Op 1 juli 2016 wijzigt de aanbestedingswet op een aantal punten. Op dat moment wordt een aantal Europese aanbestedingsrichtlijnen en jurisprudentie in de Nederlandse wetgeving opgenomen. Wat verandert er aan mogelijkheden voor overheden en gelieerde organisaties om onderling werk uit te besteden? Graag licht ik in dit kader het onderwerp publiek-publieke samenwerking waar professor Romburgh over sprak toe. Hij besprak in zijn inleiding het leerstuk inbesteding en het vestigen van een alleenrecht. In andere woorden: hoe kan een overheidsorganisatie zonder complexe aanbesteding werk gunnen aan een gelieerde organisatie.
Inbesteding
Het uitbesteden van een overheidsdienst aan een andere aanbestedende dienst kan onder bepaalde voorwaarden een van de aanbestedingswet uitgezonderde opdracht zijn.

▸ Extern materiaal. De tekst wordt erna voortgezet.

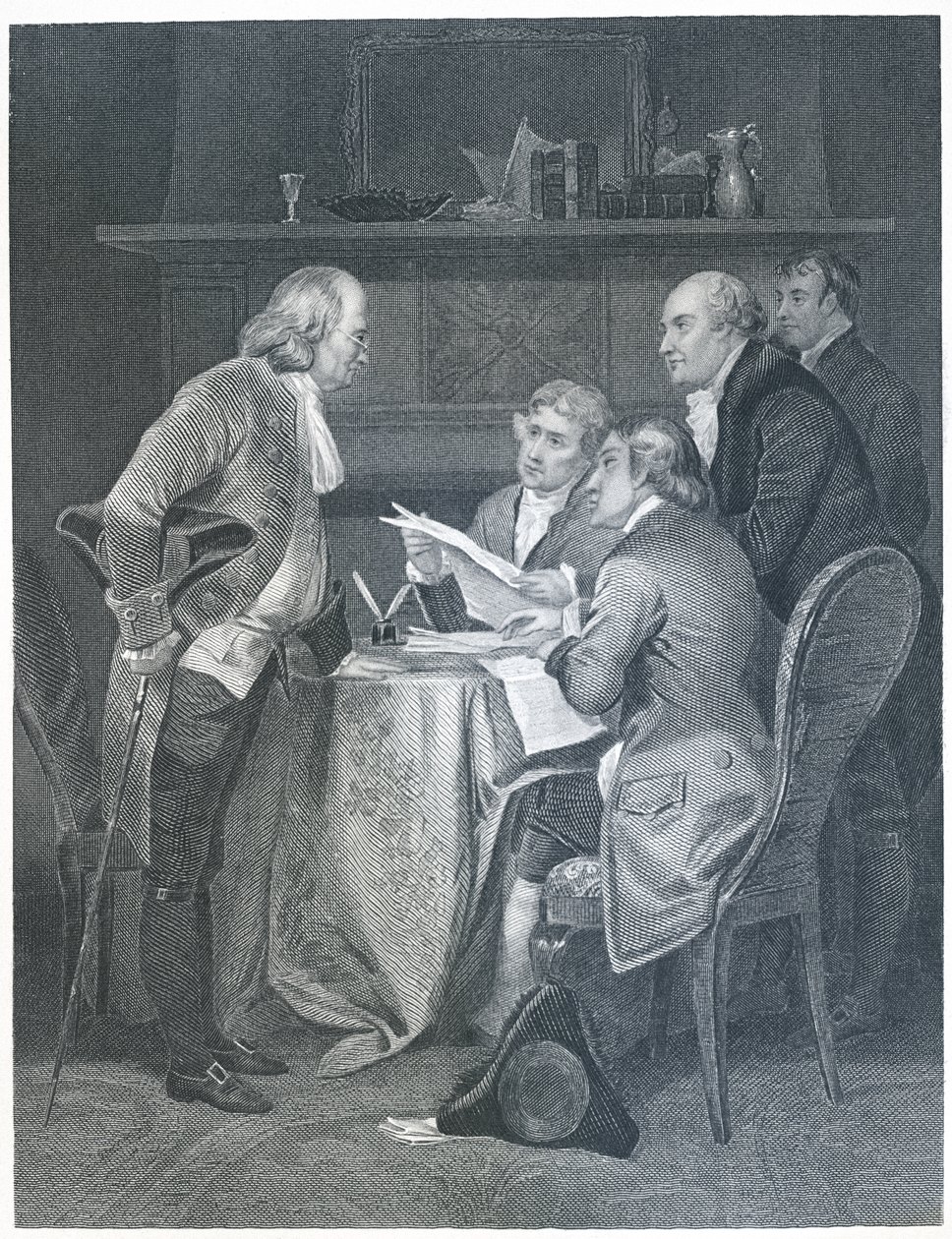 Elaboração da Declaração de Independência em 1776, 1859 de Alonzo Chappel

De aanbestedingswet is op een dergelijke opdracht dus niet van toepassing. We spreken dan van inbesteding. Inbesteding (ook wel in-housediensten genoemd) is het verstrekken van een opdracht aan een onderdeel van dezelfde rechtspersoon.
In het Teckal-arrest maakte de Hoge Raad uit dat inbesteding mogelijk is onder bepaalde voorwaarden. Er zijn twee vereisten. Het is eerste vereiste is het toezichtscriterium. Er moet sprake zijn van toezicht als op de eigen organisatie. Het tweede criterium is het werkzaamhedencriterium. Het ‘merendeel’ van de totale werkzaamheden moet worden verricht voor de eigen organisatie. In de jurisprudentie is uitgemaakt hoe groot dat merendeel moet zijn. Dit is in de loop der tijd in de jurisprudentie van 90 procent voor de eigen organisatie naar 80 voor de eigen organisatie gegaan. In de nieuwe wettekst wordt dit percentage van 80 procent expliciet opgenomen.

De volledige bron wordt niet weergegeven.